• **EXERCISE**
Write the listing below out again exactly, dropping the images.

• **INFORMATION SUPPLIED**
-------

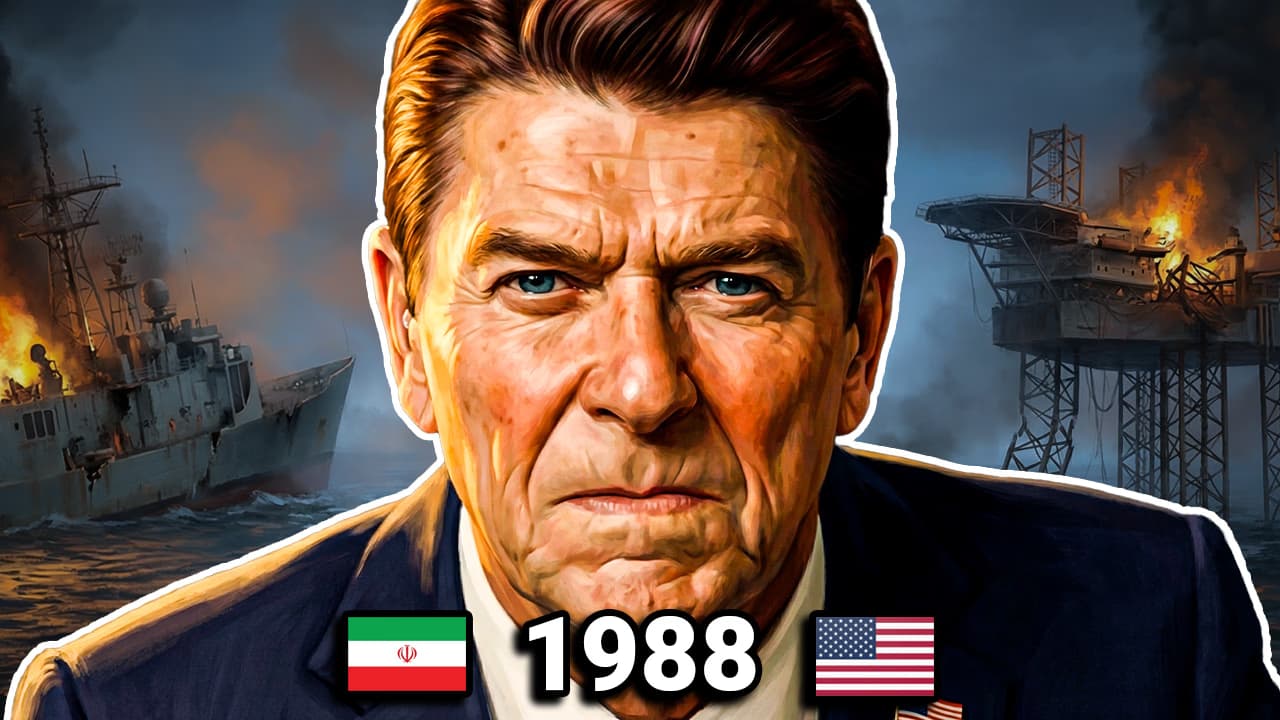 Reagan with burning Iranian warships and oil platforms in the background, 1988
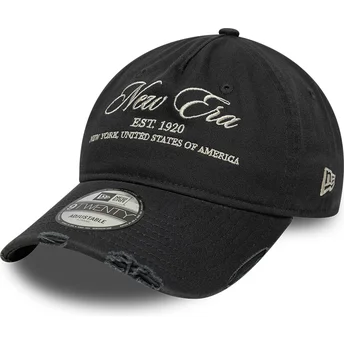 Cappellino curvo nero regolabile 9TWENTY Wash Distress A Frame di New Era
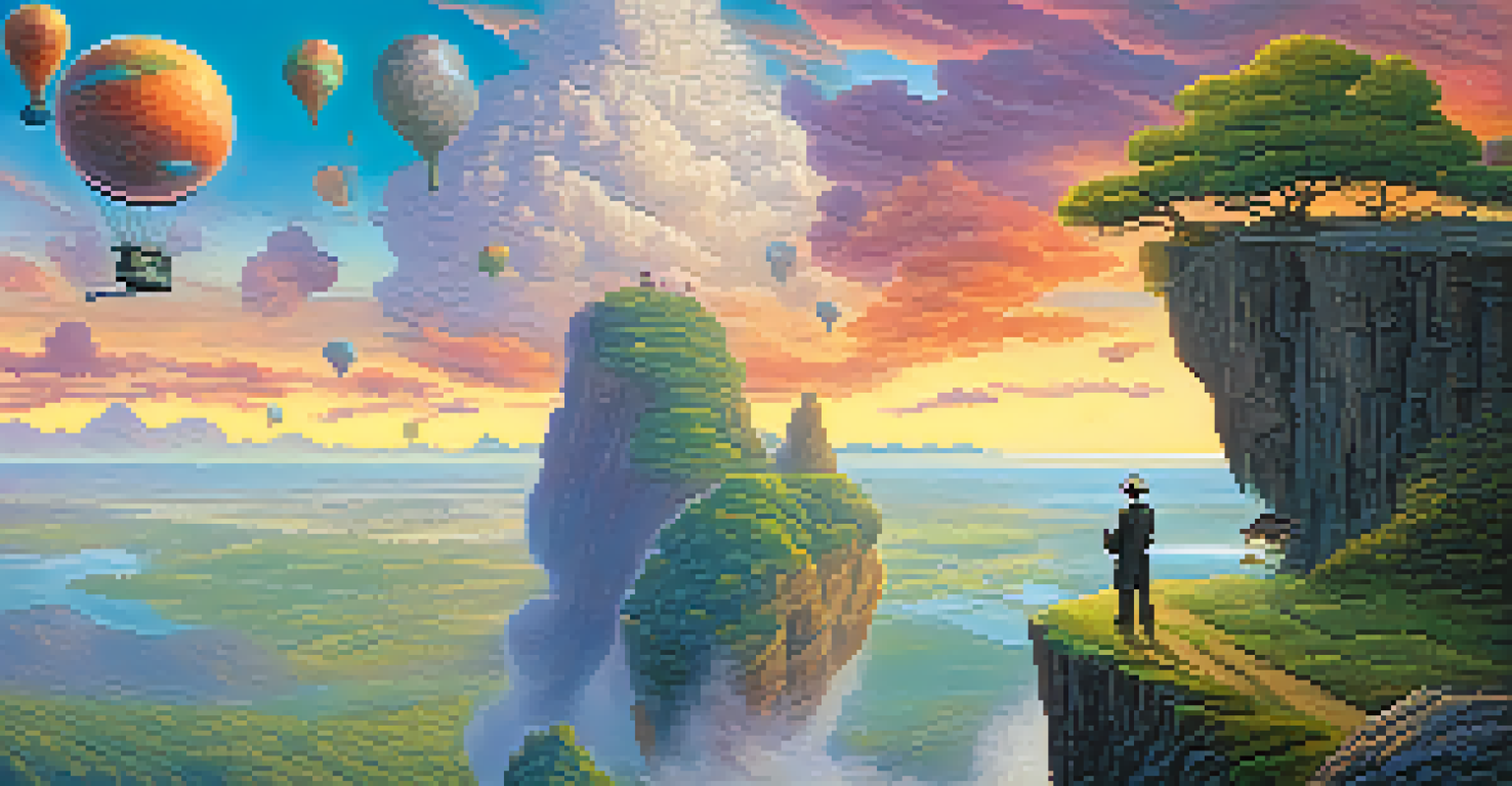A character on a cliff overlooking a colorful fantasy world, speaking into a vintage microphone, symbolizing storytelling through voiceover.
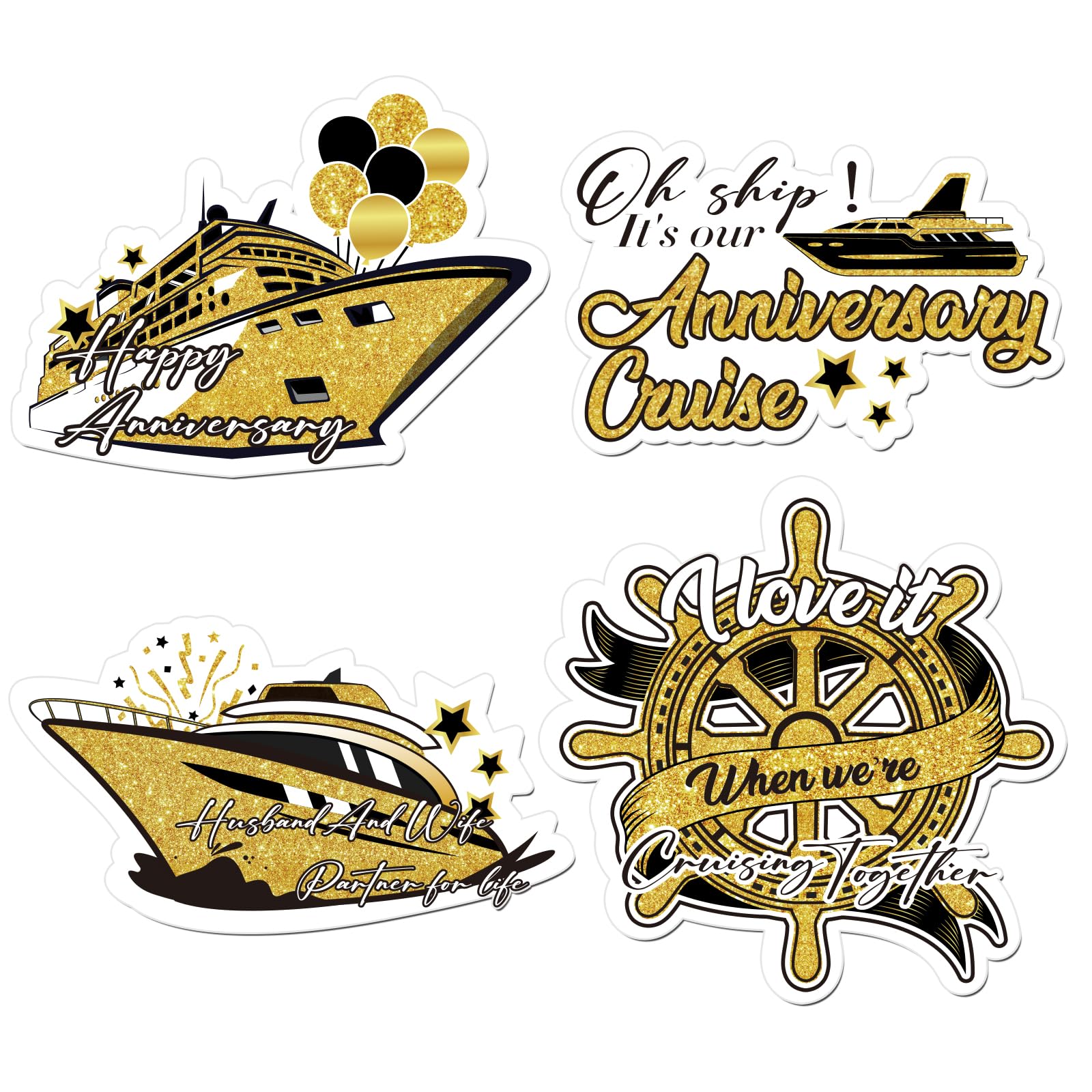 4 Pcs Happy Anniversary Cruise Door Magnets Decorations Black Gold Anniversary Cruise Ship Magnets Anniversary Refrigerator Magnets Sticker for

-------

• **YOUR SOLUTION**
 Reagan with burning Iranian warships and oil platforms in the background, 1988
 Cappellino curvo nero regolabile 9TWENTY Wash Distress A Frame di New Era
A character on a cliff overlooking a colorful fantasy world, speaking into a vintage microphone, symbolizing storytelling through voiceover.
 4 Pcs Happy Anniversary Cruise Door Magnets Decorations Black Gold Anniversary Cruise Ship Magnets Anniversary Refrigerator Magnets Sticker for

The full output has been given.